In the lines below, look for "answer". Copy each line where it appears.

Collected data entries:
########

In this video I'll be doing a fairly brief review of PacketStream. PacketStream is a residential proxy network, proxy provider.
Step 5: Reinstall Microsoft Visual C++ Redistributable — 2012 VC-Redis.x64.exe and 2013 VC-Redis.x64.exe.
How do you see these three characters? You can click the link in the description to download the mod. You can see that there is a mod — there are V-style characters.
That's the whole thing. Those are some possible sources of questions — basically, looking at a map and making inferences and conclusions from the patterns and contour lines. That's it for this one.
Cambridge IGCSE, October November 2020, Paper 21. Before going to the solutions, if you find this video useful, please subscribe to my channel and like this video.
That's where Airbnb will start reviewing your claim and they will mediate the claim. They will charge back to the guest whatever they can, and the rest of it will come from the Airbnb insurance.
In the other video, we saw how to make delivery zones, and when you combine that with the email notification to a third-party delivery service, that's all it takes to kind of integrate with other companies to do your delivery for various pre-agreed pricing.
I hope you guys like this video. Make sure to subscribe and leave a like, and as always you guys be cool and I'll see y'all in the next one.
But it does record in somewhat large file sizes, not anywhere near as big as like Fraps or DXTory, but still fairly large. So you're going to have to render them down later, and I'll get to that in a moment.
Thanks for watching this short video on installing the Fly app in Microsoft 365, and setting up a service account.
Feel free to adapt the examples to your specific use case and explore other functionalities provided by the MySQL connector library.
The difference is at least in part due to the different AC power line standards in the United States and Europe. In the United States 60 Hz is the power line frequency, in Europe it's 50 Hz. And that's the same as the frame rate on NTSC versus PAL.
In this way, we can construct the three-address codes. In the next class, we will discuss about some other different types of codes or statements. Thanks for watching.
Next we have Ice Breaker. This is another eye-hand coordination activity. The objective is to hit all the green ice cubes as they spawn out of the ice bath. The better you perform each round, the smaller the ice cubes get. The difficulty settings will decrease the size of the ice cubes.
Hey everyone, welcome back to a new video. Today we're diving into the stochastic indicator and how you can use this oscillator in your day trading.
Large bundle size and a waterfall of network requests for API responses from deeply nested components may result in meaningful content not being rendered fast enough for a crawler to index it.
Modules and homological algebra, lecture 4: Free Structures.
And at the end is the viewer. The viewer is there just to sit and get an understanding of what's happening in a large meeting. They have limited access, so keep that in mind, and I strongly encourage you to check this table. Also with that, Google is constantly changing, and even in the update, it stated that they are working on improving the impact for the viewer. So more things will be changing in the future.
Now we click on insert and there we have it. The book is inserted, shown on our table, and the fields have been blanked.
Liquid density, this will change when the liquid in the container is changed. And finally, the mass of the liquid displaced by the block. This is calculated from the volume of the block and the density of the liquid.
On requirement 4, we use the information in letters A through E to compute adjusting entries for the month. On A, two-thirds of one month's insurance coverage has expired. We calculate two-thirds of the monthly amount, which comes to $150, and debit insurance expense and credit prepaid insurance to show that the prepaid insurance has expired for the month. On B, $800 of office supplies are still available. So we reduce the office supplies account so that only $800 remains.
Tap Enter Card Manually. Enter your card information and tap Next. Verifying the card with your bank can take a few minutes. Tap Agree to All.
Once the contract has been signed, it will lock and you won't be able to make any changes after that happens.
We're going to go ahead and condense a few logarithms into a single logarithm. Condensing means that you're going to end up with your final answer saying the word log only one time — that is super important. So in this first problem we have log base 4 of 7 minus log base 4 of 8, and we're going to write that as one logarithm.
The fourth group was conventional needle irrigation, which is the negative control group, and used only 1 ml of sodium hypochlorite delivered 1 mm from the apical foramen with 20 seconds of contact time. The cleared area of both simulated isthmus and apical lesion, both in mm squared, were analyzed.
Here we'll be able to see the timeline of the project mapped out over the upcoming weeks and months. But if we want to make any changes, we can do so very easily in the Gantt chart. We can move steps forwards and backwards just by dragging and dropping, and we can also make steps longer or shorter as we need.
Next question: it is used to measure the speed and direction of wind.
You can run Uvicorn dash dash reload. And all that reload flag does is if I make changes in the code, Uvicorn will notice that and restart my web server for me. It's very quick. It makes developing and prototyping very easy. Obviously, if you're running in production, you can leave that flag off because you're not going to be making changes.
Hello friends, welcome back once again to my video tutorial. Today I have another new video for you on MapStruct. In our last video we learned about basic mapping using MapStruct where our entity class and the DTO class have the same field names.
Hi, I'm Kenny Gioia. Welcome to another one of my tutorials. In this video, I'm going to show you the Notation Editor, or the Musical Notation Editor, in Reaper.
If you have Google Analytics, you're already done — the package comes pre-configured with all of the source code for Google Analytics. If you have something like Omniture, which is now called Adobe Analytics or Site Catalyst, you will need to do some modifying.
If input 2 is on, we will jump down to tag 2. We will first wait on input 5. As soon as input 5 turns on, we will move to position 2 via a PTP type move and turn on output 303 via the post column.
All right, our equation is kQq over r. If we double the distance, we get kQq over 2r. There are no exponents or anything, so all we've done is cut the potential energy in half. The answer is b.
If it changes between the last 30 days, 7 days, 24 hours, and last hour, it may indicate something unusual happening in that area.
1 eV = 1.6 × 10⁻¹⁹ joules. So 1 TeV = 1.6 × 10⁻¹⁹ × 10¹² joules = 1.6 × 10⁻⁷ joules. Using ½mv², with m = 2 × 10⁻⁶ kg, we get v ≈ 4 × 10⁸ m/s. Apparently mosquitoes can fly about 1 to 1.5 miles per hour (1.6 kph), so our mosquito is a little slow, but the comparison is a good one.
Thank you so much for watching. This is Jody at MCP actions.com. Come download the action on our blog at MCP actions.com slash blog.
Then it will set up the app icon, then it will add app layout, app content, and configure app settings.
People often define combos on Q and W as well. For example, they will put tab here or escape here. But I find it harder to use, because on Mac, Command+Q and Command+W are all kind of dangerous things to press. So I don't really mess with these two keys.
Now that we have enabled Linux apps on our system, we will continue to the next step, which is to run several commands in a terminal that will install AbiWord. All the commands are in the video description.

########

### PROBLEM SOLUTION:
We're going to go ahead and condense a few logarithms into a single logarithm. Condensing means that you're going to end up with your final answer saying the word log only one time — that is super important. So in this first problem we have log base 4 of 7 minus log base 4 of 8, and we're going to write that as one logarithm.
All right, our equation is kQq over r. If we double the distance, we get kQq over 2r. There are no exponents or anything, so all we've done is cut the potential energy in half. The answer is b.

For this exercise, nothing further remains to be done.